Mostly, Hunter simply sticks to himself - “I work alone!” he declares frequently, and the unsympathetic attitude he gets from blacks, latinos, and white people alike illustrate his place in society - until the confederacy of American resistants apprehend him and demand his leadership. “Nobody - but nobody! - is above the law,” one fat cop tells Hunter, and this is mainly true, except that the authorities do then help Norris scrounge up a bunch of Uzis, rocket-launchers, choppers, and something like twenty tanks to fight the commies. Cornering Rostov and his henchman in an office building (“It’s a trap!” Rostov exclaims; I suppose, but there’s really no narrative motivation for this, unless you’re simply looking at the running time and realize that this thing can’t go on for more than 100 minutes), Norris swiftly takes care of business, with some judiciously meted out kicks to the face, double-fisted Uzi action to the chest, and a swagger to be reckoned with. Barely mussing his mullet, and getting only a little splatter of blood on his all-denim outfit, Hunter makes his final stand against Rostov - “It’s time!” - in a no-shit bazooka-to-bazooka standoff, shot in excruciating slow-motion.

In short, Invasion U.S.A. is a film about kicking several different types of ass, as the need arises.
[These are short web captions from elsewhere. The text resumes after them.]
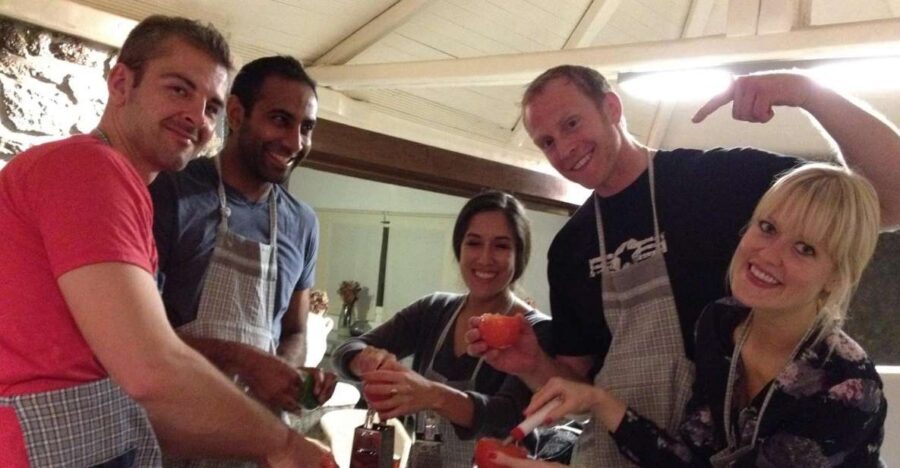 Mykonos: Cooking Class with Food and Wine - Cooking in a real Mykonos home, not a show kitchen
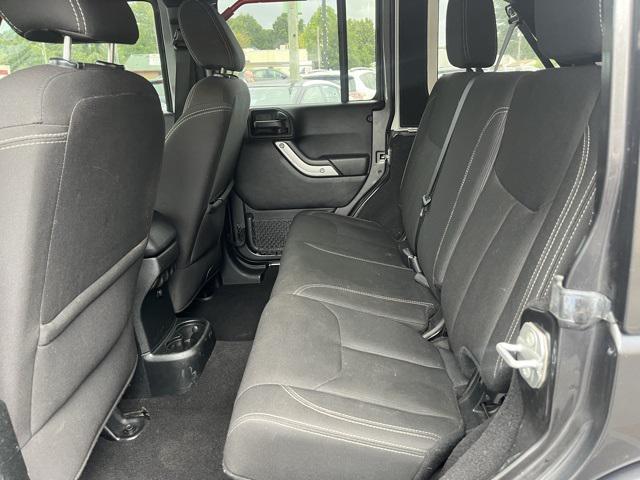 used 2018 Jeep Wrangler JK Unlimited car, priced at $22,988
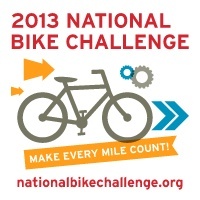 National Bike Challenge poster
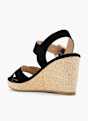5th Avenue Sandalette Schwarz 69402 3
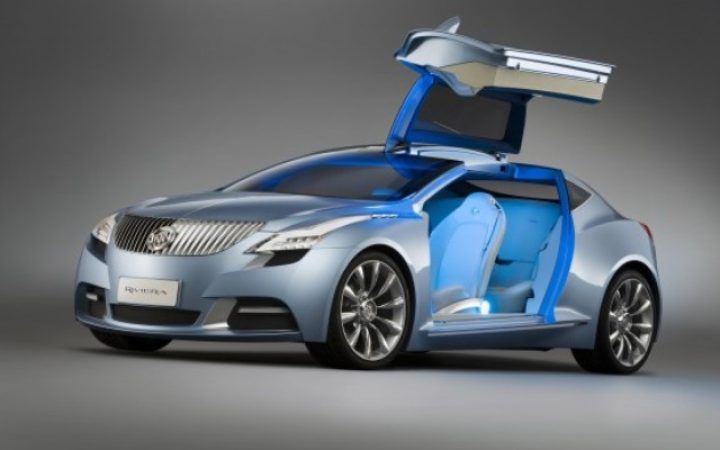 2013 Buick Riviera Concept with Hybrid Plug-in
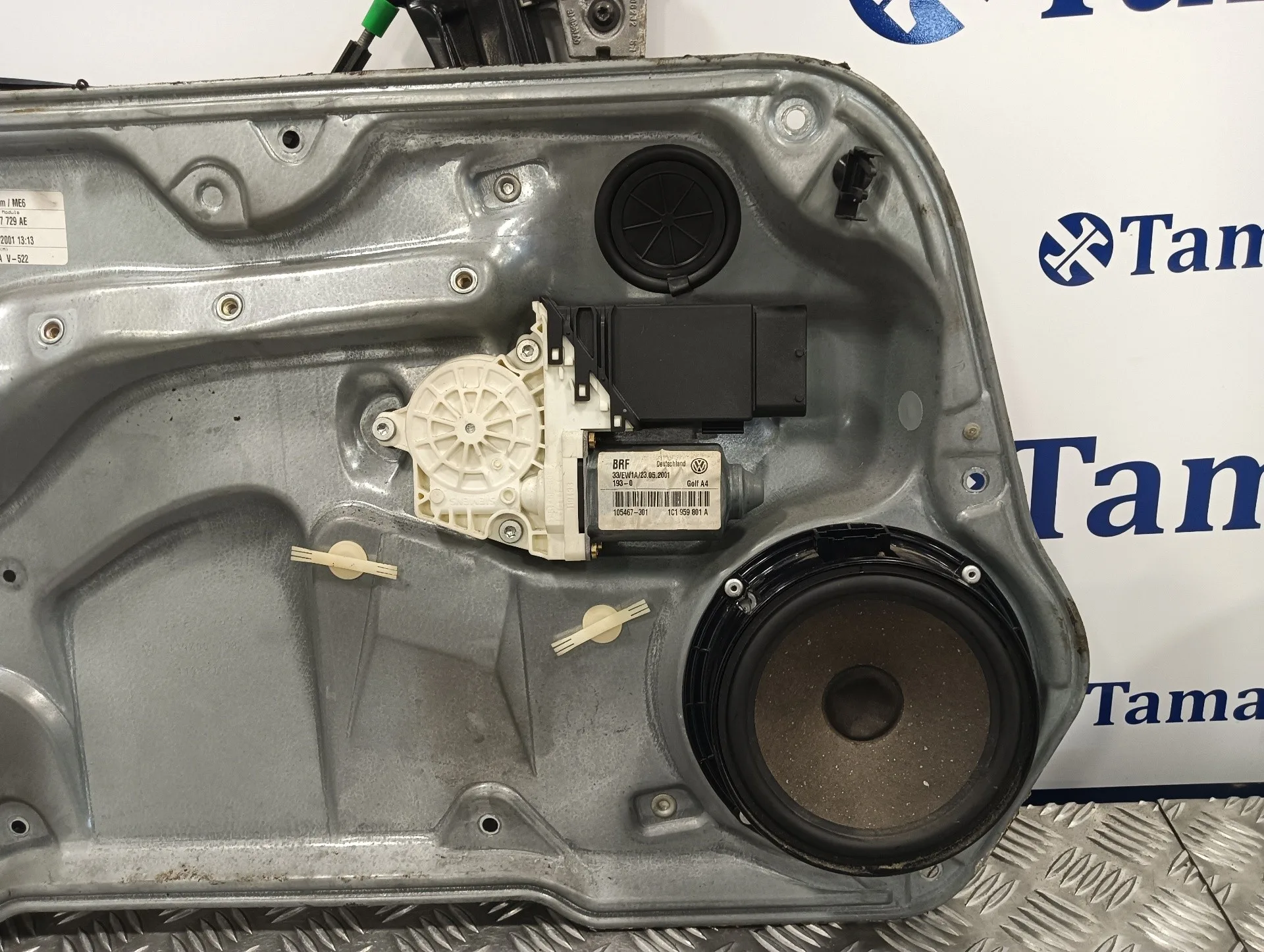 Elevalunas Delantero Izquierdo para Volkswagen Golf Iv Berlina (1J1)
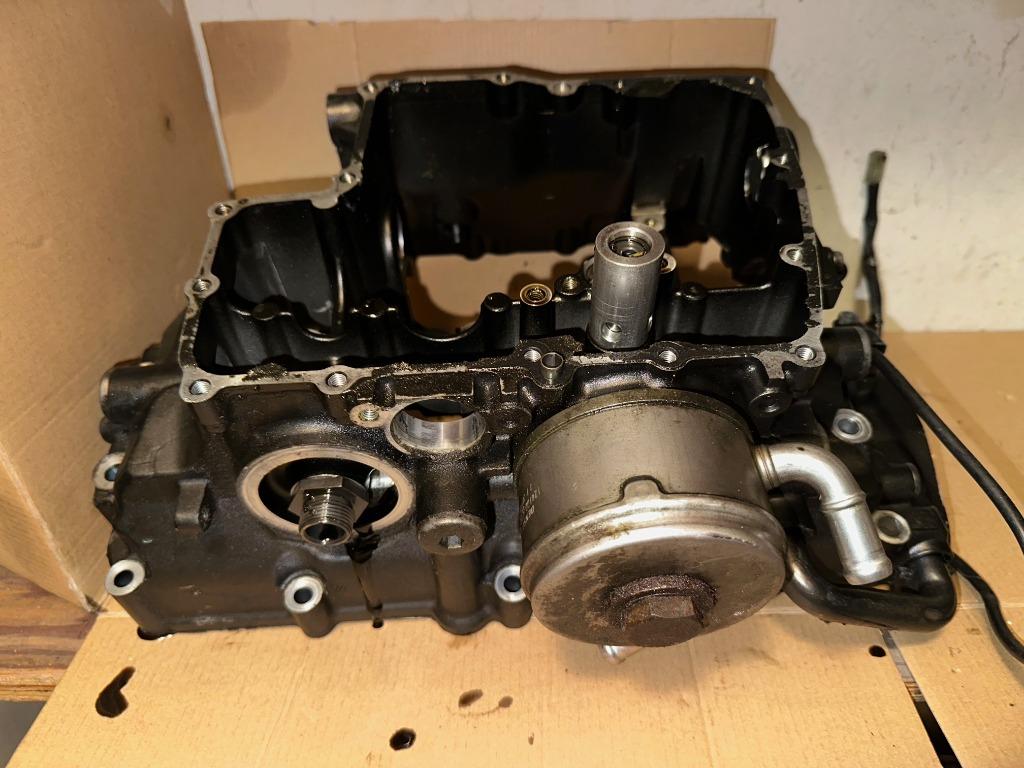 Onderblok Yamaha R1 2004-2006 | Gebruikt | Goed voor revisie, Ophalen of Verzenden, Gebruikt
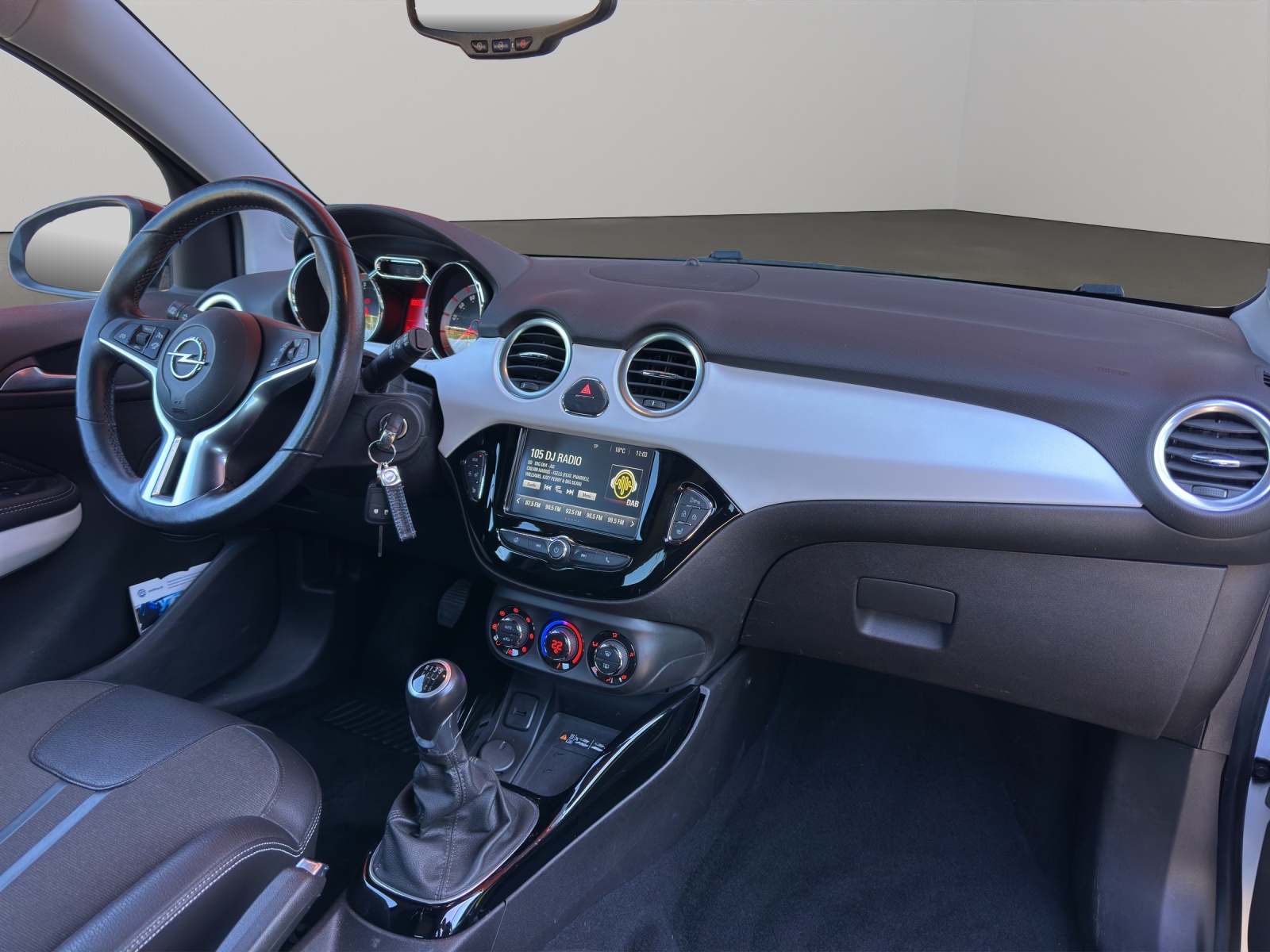 OPEL Adam 1.0 ecoFLEX Turbo Black Jack Faltdach-image-10
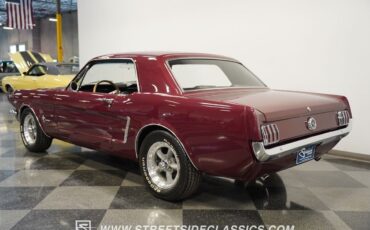 Ford-Mustang-Coupe-1965-Burgundy-Black-1584-7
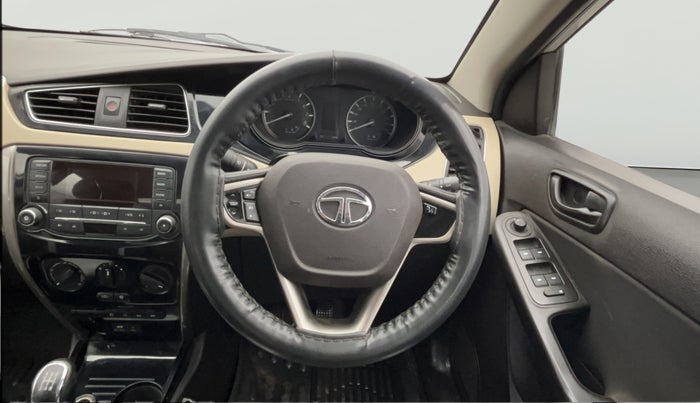 2014 Tata Zest XMS PETROL, Petrol, Manual, 69,402 km, Steering Wheel Close Up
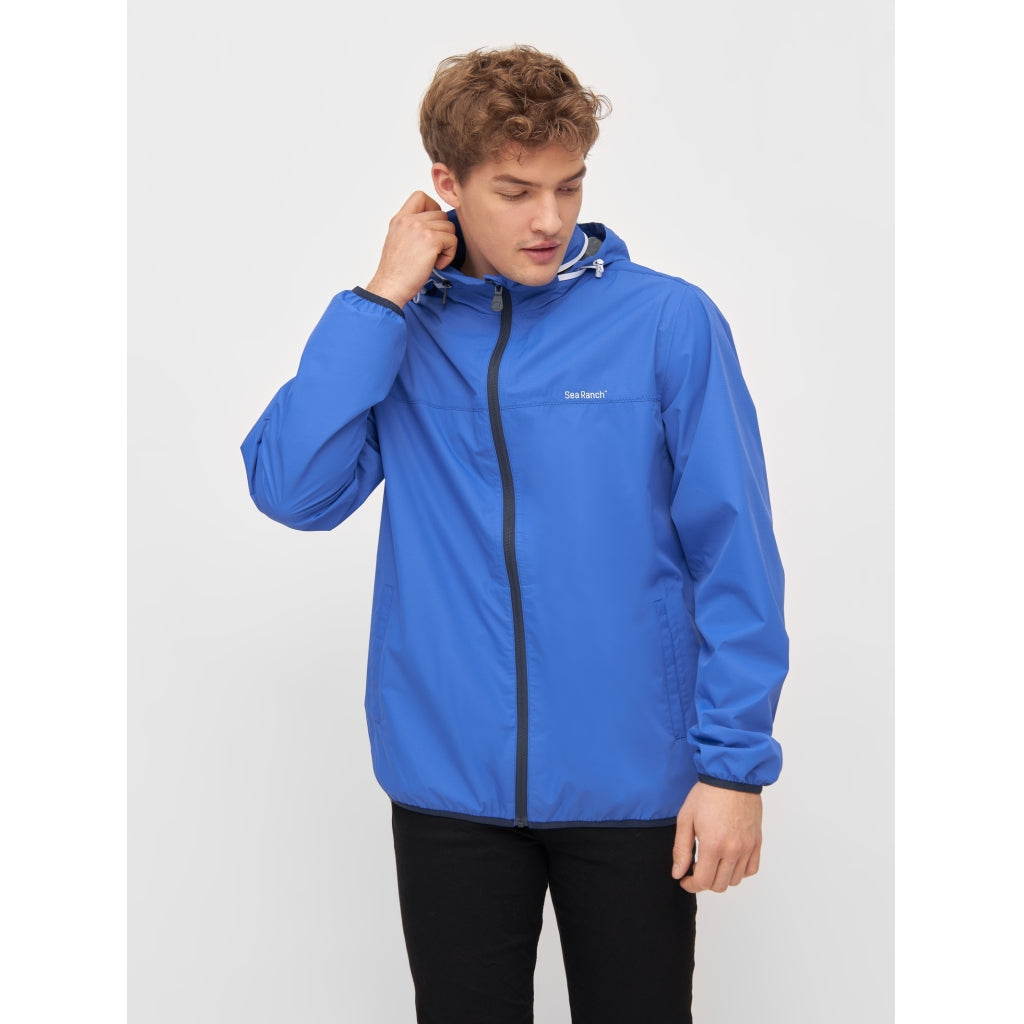Sea Ranch Gerald Jacket Jackets and Coats Blue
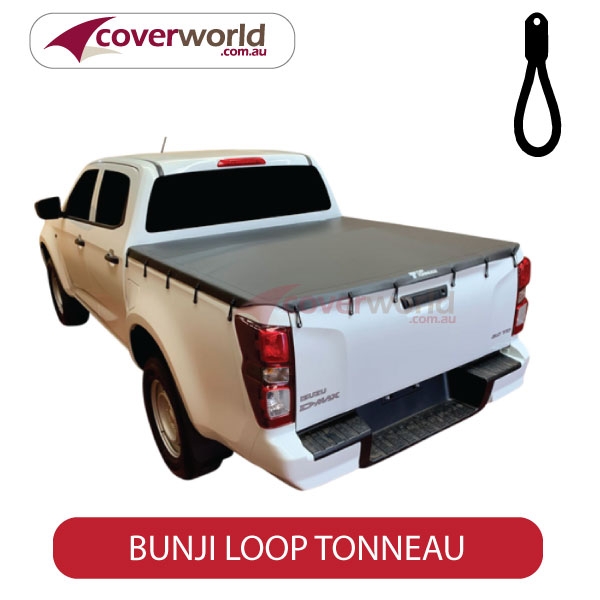 Isuzu D-Max  Crew Cab -  Soft Tonneau Cover - Bunji - New Installation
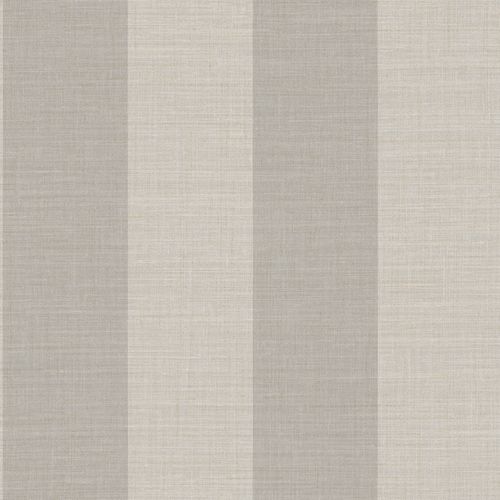 Casadeco - Rayures Taupe Les Rayures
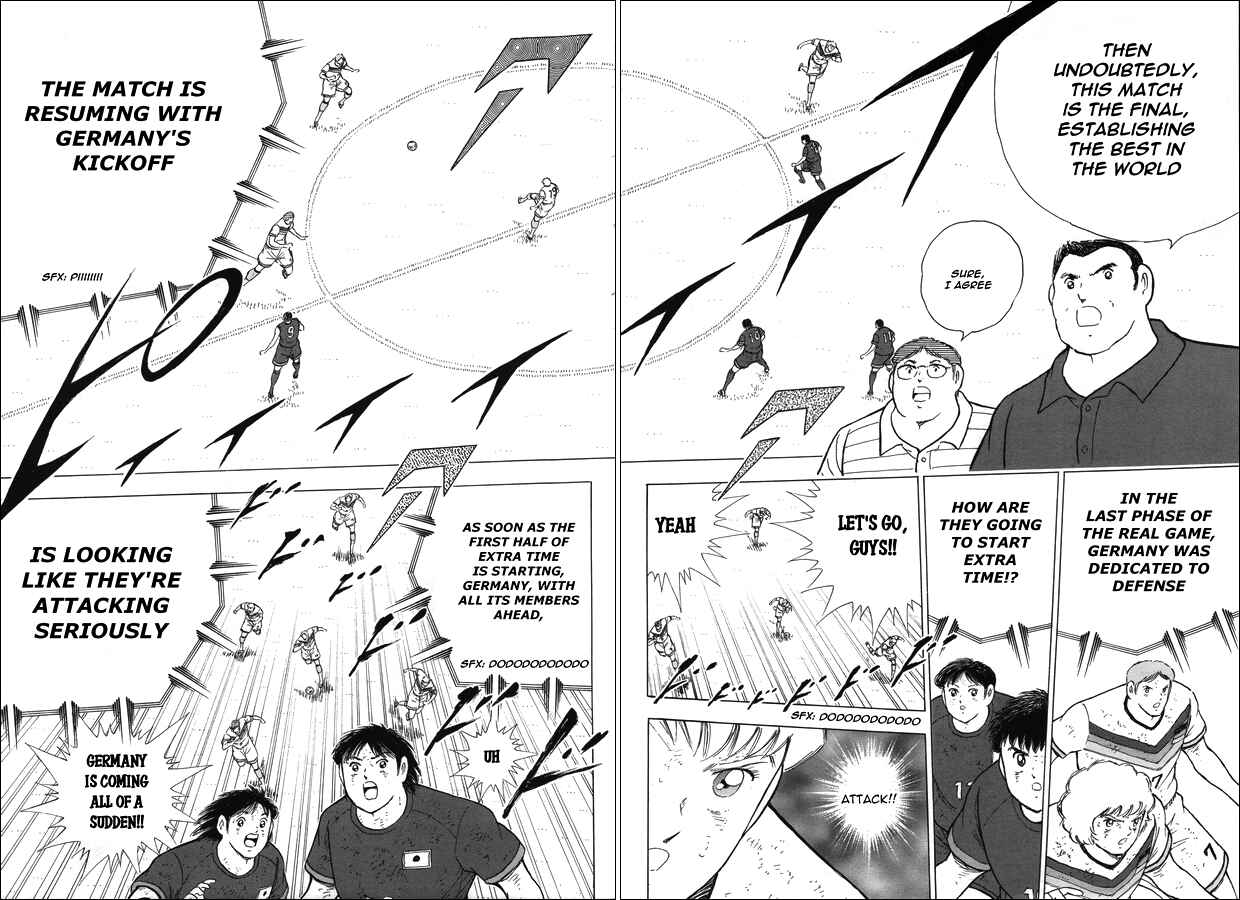 Page 10 Chapter 103 Captain Tsubasa: Rising Sun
In Golan-Globus’s U.S.A., patriotism and masculinity are like the twin Uzis slung over Chuck Norris’s shoulders, working jointly to spray their fiery ideology onto those that would threaten them. Surprisingly, though so integral to the production-model of the Hollywood action movie in general, this marriage would only find one worthy successor in Cannon’s canon—the 1986 follow-up, The Delta Force. Co-starring Norris and none other than Lee Marvin, and featuring an all-ex-star cast with the likes of Joey Bishop, Robert Vaughn, Hanna Schygulla, Shelley Winters, George Kennedy, and Robert Forster as a terrorist named “Abdul”, The Delta Force would attempt to do for Jew-hating Arab terrorists what Invasion U.S.A. did for godless Russian scumbags. But if Cannon never deployed this formula so successfully again (opting instead for ideologically toothless hybrids of Eastern and Western action films, starring Dudikoff and Van Damme), their model further established the action movie as a big, bazooka-like weapon of red-blooded and blood-red political propaganda.